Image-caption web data

__________________________________________________

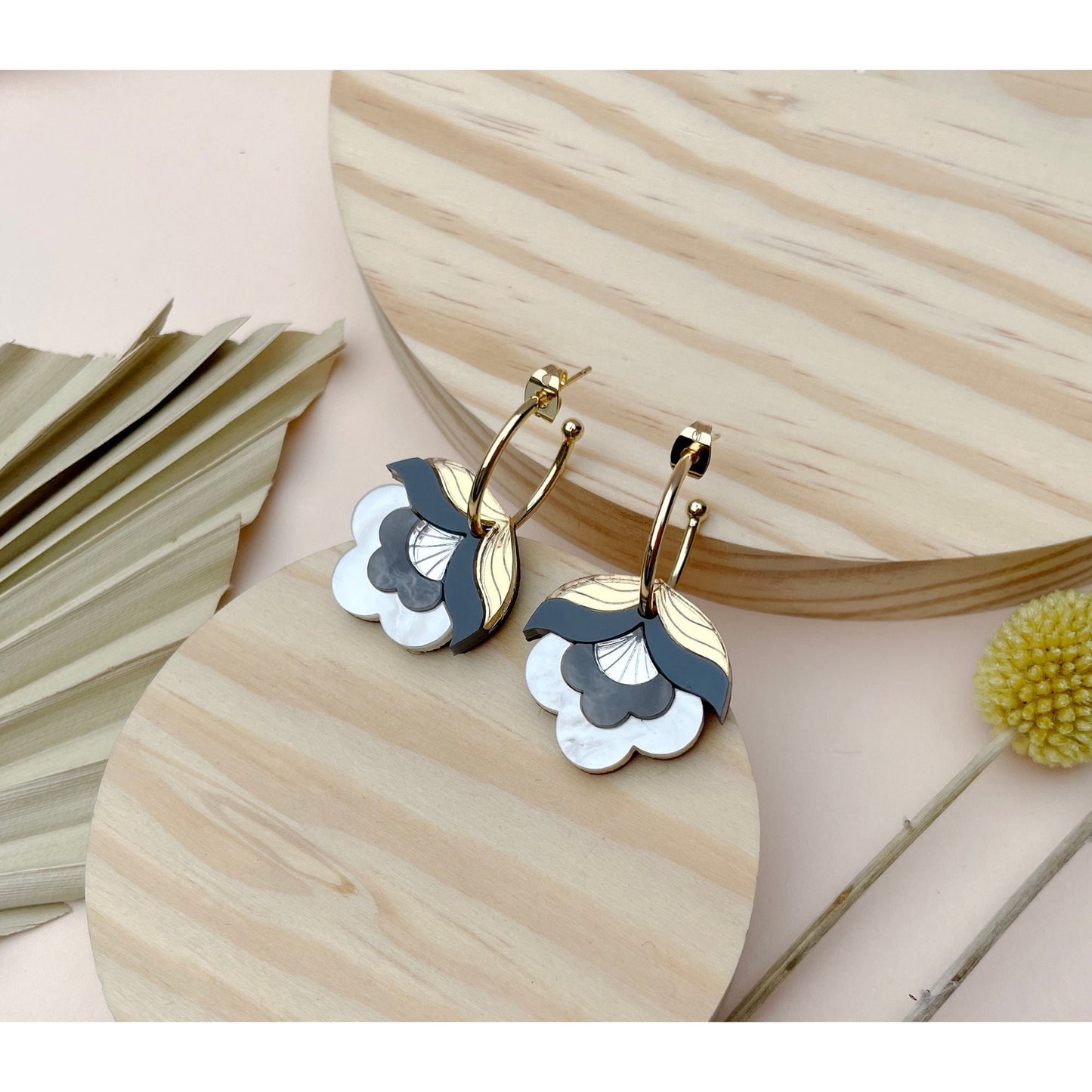 Anna Floral Hoop Earrings in Metallic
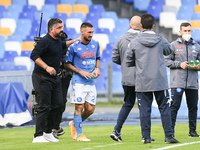 Matteo Politano of SSC Napoli celebrates with Gennaro Gattuso manager of SSC Napoli scoring third goal during the Serie A match between SSC...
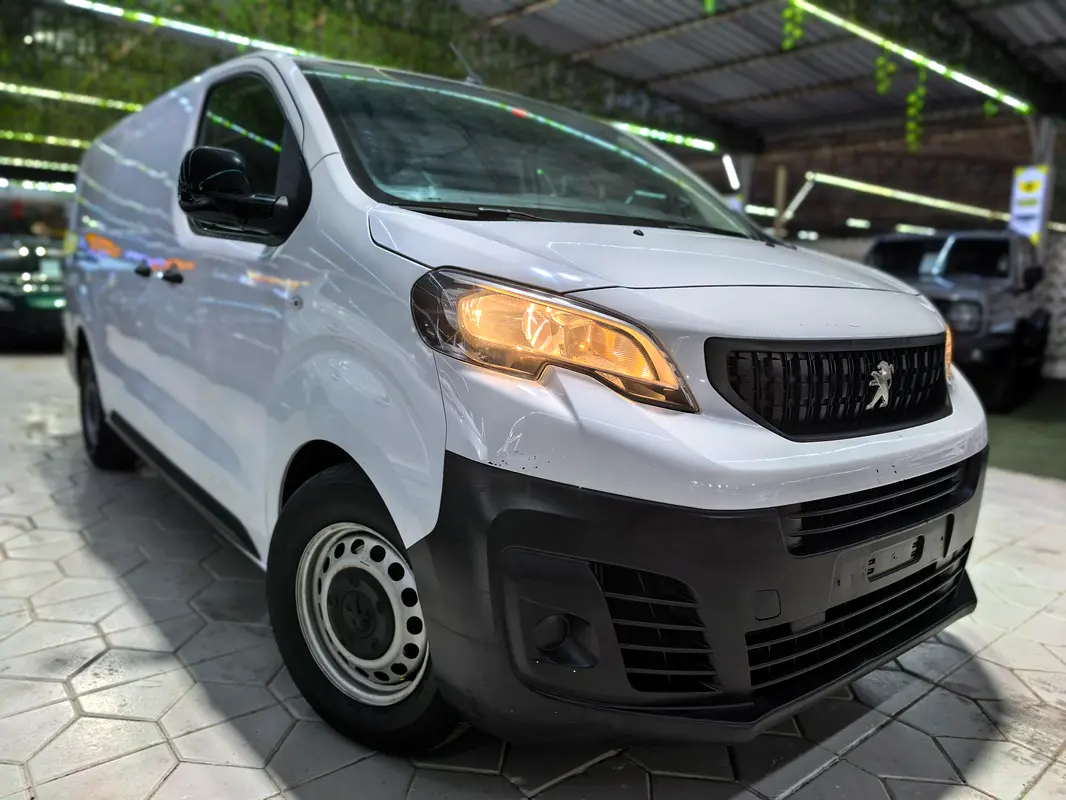 Peugeot Expert 2023 — photo 1 of 20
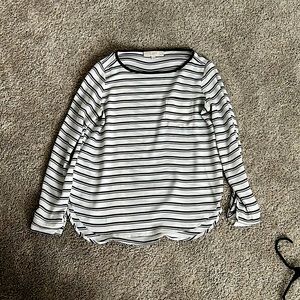 Loft blouse that can either be long sleeve or 3/4 length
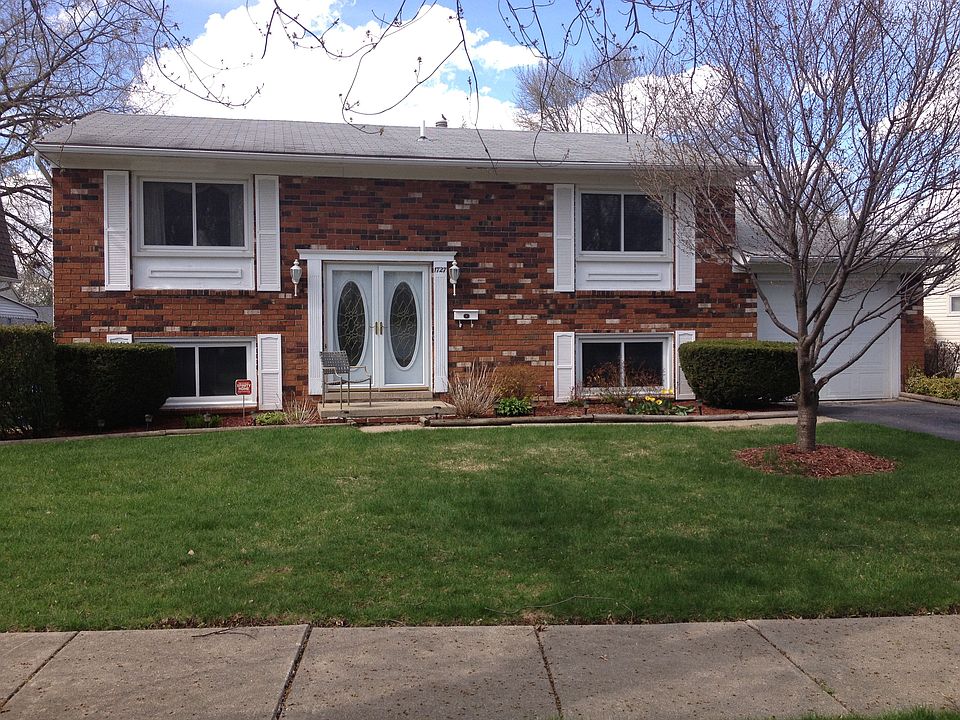 1st image of 1727 Sheffield Dr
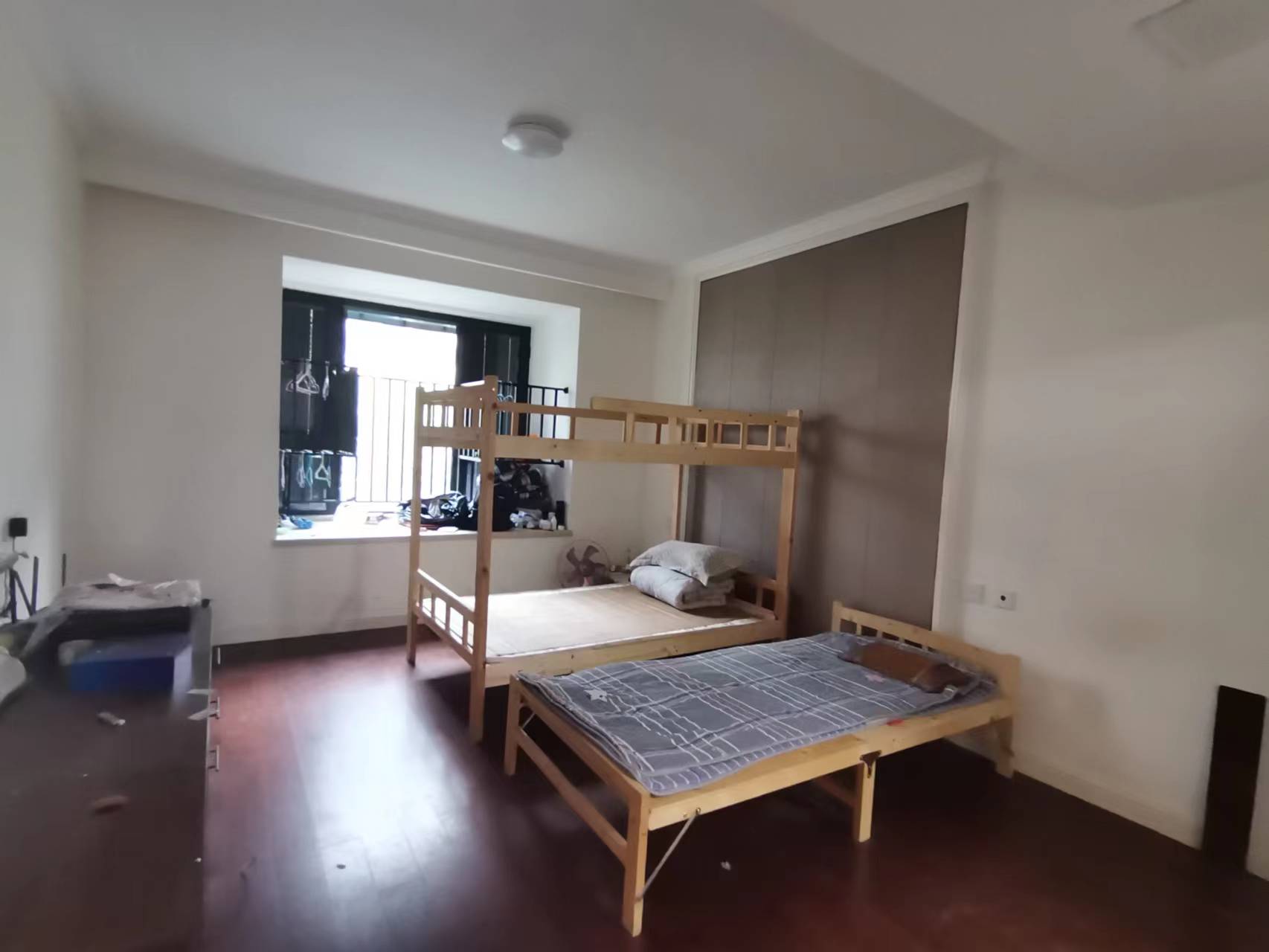 红星天铂 5室2厅2卫 160.00m&sup2;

__________________________________________________

Reprint all the data above verbatim, excluding pictures.

 Anna Floral Hoop Earrings in Metallic
 Matteo Politano of SSC Napoli celebrates with Gennaro Gattuso manager of SSC Napoli scoring third goal during the Serie A match between SSC...
 Peugeot Expert 2023 — photo 1 of 20
 Loft blouse that can either be long sleeve or 3/4 length
 1st image of 1727 Sheffield Dr
 红星天铂 5室2厅2卫 160.00m&sup2;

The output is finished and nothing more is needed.